Yoshihiro Narisawa (成澤 由浩, Narisawa Yoshihiro) is a Japanese chef and owner of the two-Michelin star restaurant Narisawa in Minato, Tokyo, Japan.

==Career==
Narisawa was born in Aichi prefecture in 1969 to a baker and western sweets maker. He travelled to Europe at the age of 19, and trained in France, Switzerland, and Italy, before returning to Japan in 1996.

In 1996, Narisawa opened a restaurant in Odawara, Kanagawa. In 2003, Narisawa moved to Tokyo and opened the restaurant "Les Créations de Narisawa" in Aoyama, renaming it Narisawa in 2011. Restaurant Narisawa was ranked #20 on The World's 50 Best Restaurants list in 2009, and has consistently ranked in the top 30 since. Its current ranking in 2017 is #18. He has built his fame on promoting organic and natural ingredients as a part of Japanese cuisine, saying, “Most of the vegetables and fruit in Japan contain pesticides.

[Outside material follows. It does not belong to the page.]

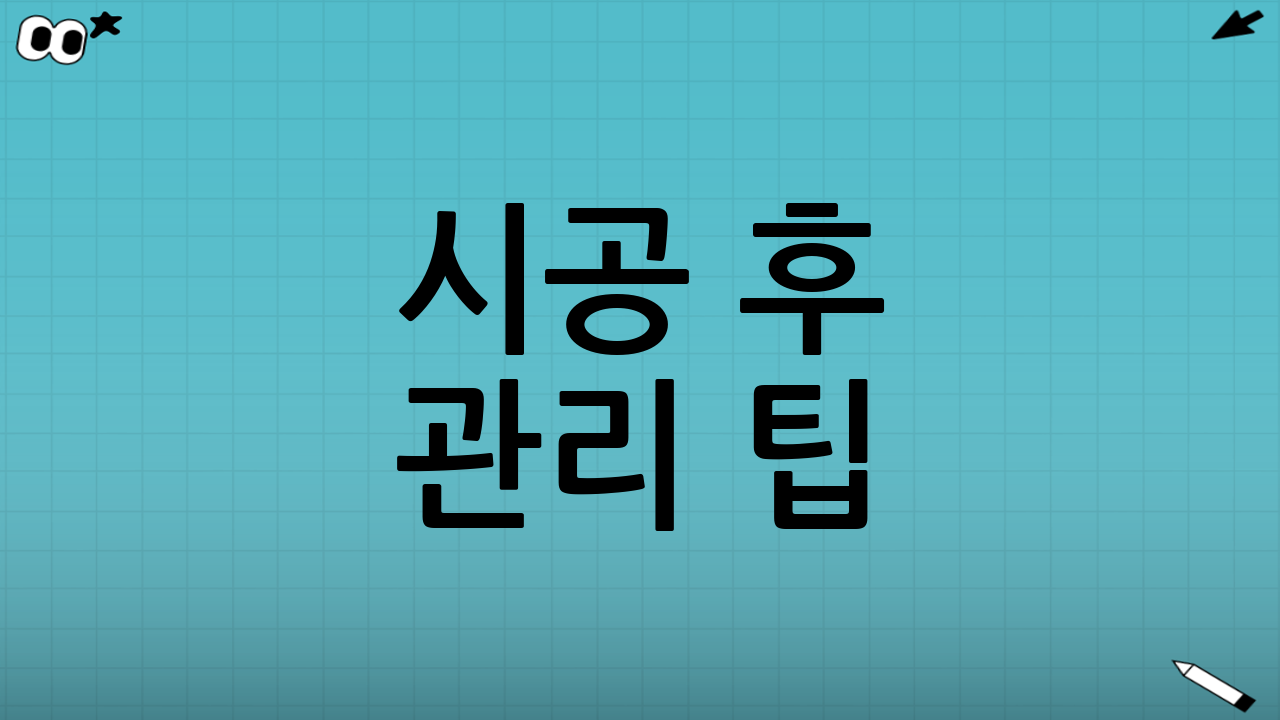 시공 후 관리 팁: 오래 쓰려면 이것만은 체크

It’s the role of the chef to support (organic) producers.” Accordingly, Restaurant Narisawa received the inaugural Sustainable Restaurant Award from Restaurant Magazine, after an audit by the Sustainable Restaurant Association.

In 2018, Narisawa appeared as a guest judge on the "Japan" episode of The Final Table, season 1.